Les litiges dépassent désormais souvent les frontières, avec 24 affaires devant des cours, tribunaux ou autres organismes internationaux.
"Cela marque un tournant et reflète le caractère transfrontalier et partagé de la crise climatique", note M. Raine.
- En quoi les affaires récentes sont-elles décisives ?
Deux affaires en particulier ont été saluées comme des moments cruciaux.
En 2024, le Tribunal international du droit de la mer a déclaré, dans un avis consultatif, que les émissions de carbone pouvaient être considérées comme un polluant marin et que les pays avaient l'obligation d'agir pour réduire leurs effets sur les océans.
Le tribunal a clairement conclu que définir les obligations des pays ne relevait pas seulement de l'Accord de Paris et de l'ONU Climat, souligne Nikki Reisch du Centre pour le droit international de l'environnement (CIEL).

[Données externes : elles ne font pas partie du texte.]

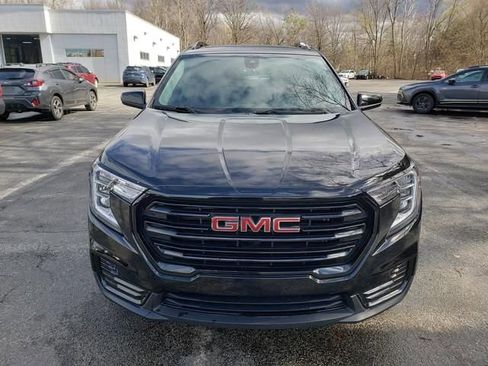 Used 2023 GMC Terrain SLE w/ Driver Convenience Package image 9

Et début juillet, la Cour interaméricaine des droits de l'homme a sommé les pays de l'Organisation des Etats américains (OEA) d'adopter "toutes les mesures nécessaires" pour protéger les populations face au changement climatique, et a reconnu les droits de la nature.
Mais pour Cesar Rodriguez-Garavito, directeur du Climate Law Accelerator à l'Université de New York, le plus marquant est ailleurs.

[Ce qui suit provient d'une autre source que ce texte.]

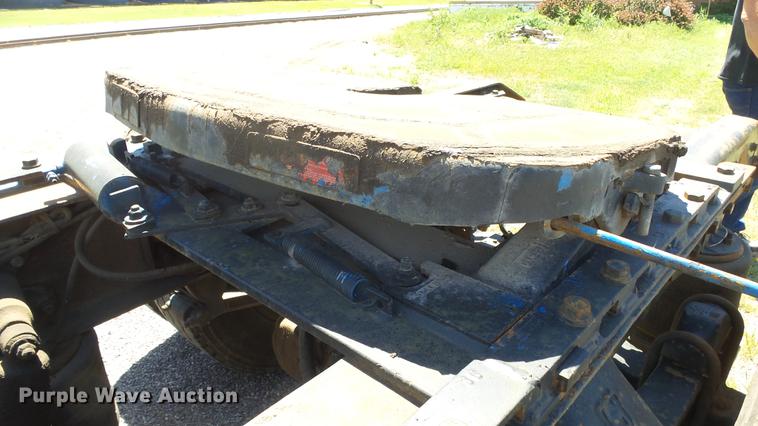 image for item DE2614 1994 Ford LTLA9000 AeroMax 120 semi truck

"(La Cour a déclaré) que les dommages massifs et graves causés au système climatique par les émissions, la déforestation, etc., sont absolument interdits par le droit international", plaçant la protection contre les dommages climatiques irréversibles au même niveau que les interdictions du génocide et de la torture.
C'est, selon lui, la déclaration la plus ferme jamais formulée par une cour internationale sur le devoir des États d'éviter de graves destructions écologiques.
- Quel impact pour l'avis de la CIJ ?
Vanuatu, l'une des nombreuses îles menacées par l'élévation du niveau de la mer, a demandé à la CIJ de donner son avis sur les obligations des États en matière de réduction des émissions de gaz à effet de serre.
Mais la demande potentiellement la plus controversée concerne les conséquences juridiques pour les grands pollueurs responsables de graves dommages climatiques.
"Ce sont des questions de justice mondiale" avec des impacts potentiels sur la délicate question de la "réparation des dommages climatiques", déclare M. Rodriguez-Garavito.
Bien que les avis de la CIJ ne soient pas juridiquement contraignants, M. Raine leur reconnaît un poids considérable.
"Ils clarifient la manière dont le droit international s'applique à la crise climatique, ce qui a des répercussions sur les tribunaux nationaux, les processus législatifs et les débats publics. Cela n'oblige pas les États à agir, mais cela leur montre où en est la loi et dans quelle direction ils doivent aller".